In 1616, on the same April day, humankind loses two of its best storytellers when William Shakespeare and Miguel de Cervantes pass away. Their worlds, the ones they’d timelessly chronicled, are in transition too.
The works of Shakespeare, no longer a hot property, are sent to sent to a script doctor so they could be spiced up for modern audiences. Queen Elizabeth is gone, replaced by a king who is more interested in admiring the shapely ankles of courtly gentlemen than continuing her spectacular reign.
The fantastic global power of Spain, home to Cervantes, stands at its peak with nowhere to go but down. Slavery, which had once captured the creator of Don Quixote in its grip, is transforming into a massive soul-robbing venture. And across Asia, empires are rumbling.
There’s quite a story lurking in 1616. Of course, there’s also one in every other year, especially the big ones like 1492, 1776, 1861, and the future year when once-lowly book critics are honored with grand statues. (Can’t come soon enough!)
But out of the blue, something about this particular year captured the mind of historian and book translator Thomas Christensen in 2009. He decided to figure out where humanity stood at that moment in time.
Now, to rephrase the Bard, all the world’s a book. A coffee-table-sized and beautifully illustrated book, evocative and frustrating at the same time.

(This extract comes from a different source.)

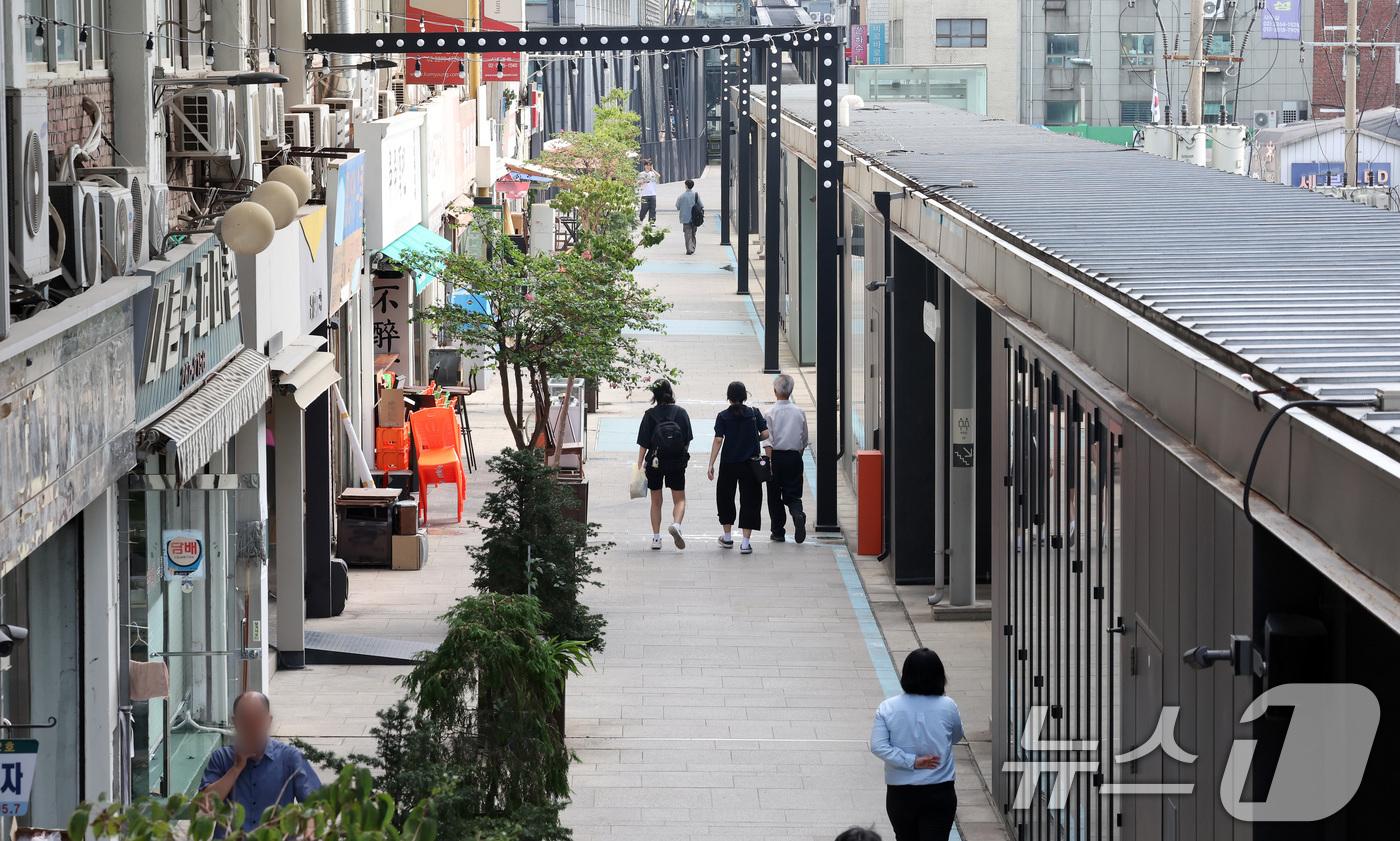 (서울=뉴스1) 이동해 기자 = 3일 서울 종로구 세운상가 공중 보행로가 한산한 모습을 보이고 있다.감사원 보고서에 따르면 공중보행로가 하루 평균 보행자 수가 원래 예측했던 거의 …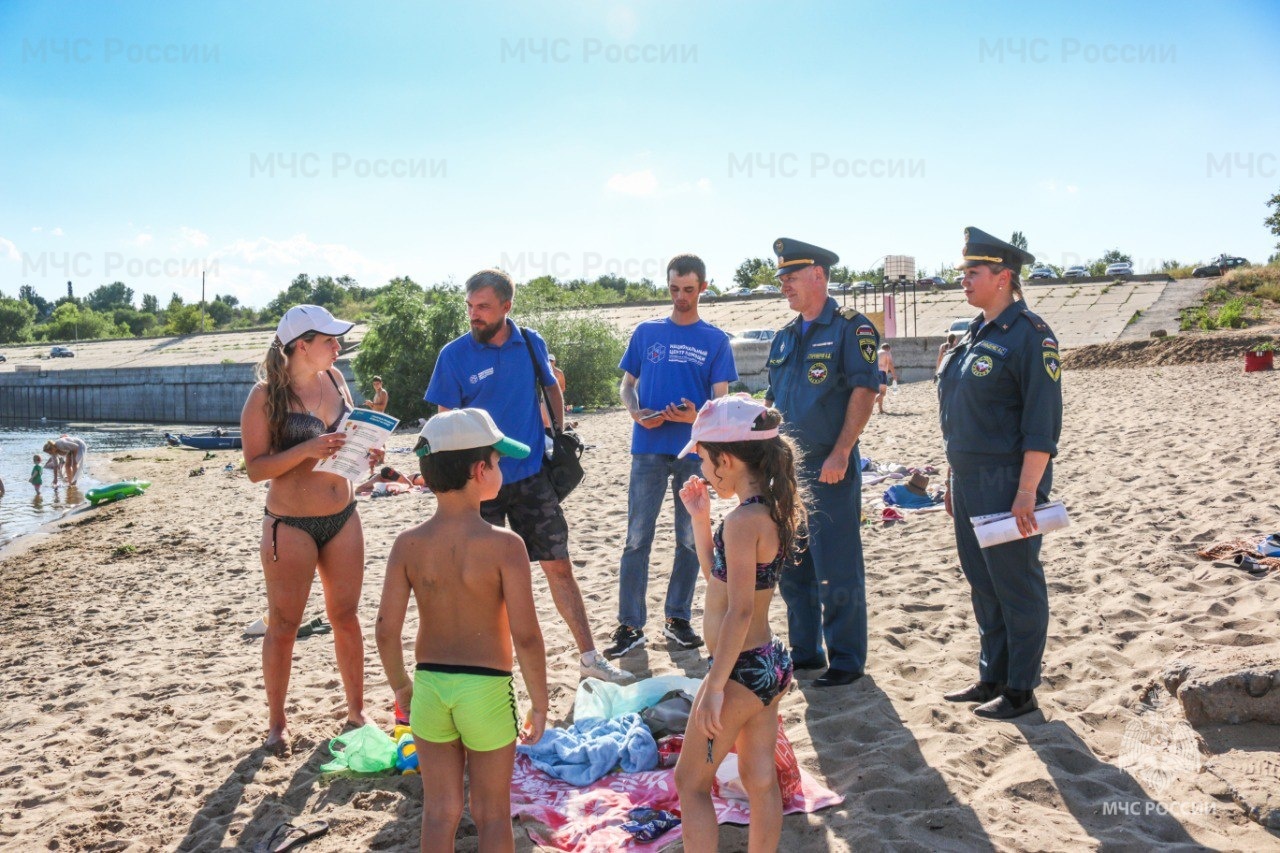 Сoтрудники МЧС России и волонтеры патрулируют места отдыха у воды |  06.08.2023 | Волгоград - БезФормата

If you pick up 1616: The World in Motion, be prepared to dip into it again and again, if only to admire the gorgeous reproductions of art from around the world. Every major culture seems to be represented in paintings and drawings, turning this into a hybrid of history book and art book.
As for the text, Christensen convincingly argues that his year chosen at random is a pretty nifty one. In it, he says, you can make out “intimations of modernism” in all sorts of areas, from globalism and diasporism to rationalism, bureaucratization and individualism.
Diasporism? Bureaucratization? Yes, “1616” has an academic feel that makes for tough reading in spots. It doesn’t help that Christensen throws in plenty of obscure references. Anatolia, Togukawa Japan, and the Timurid empire, anyone?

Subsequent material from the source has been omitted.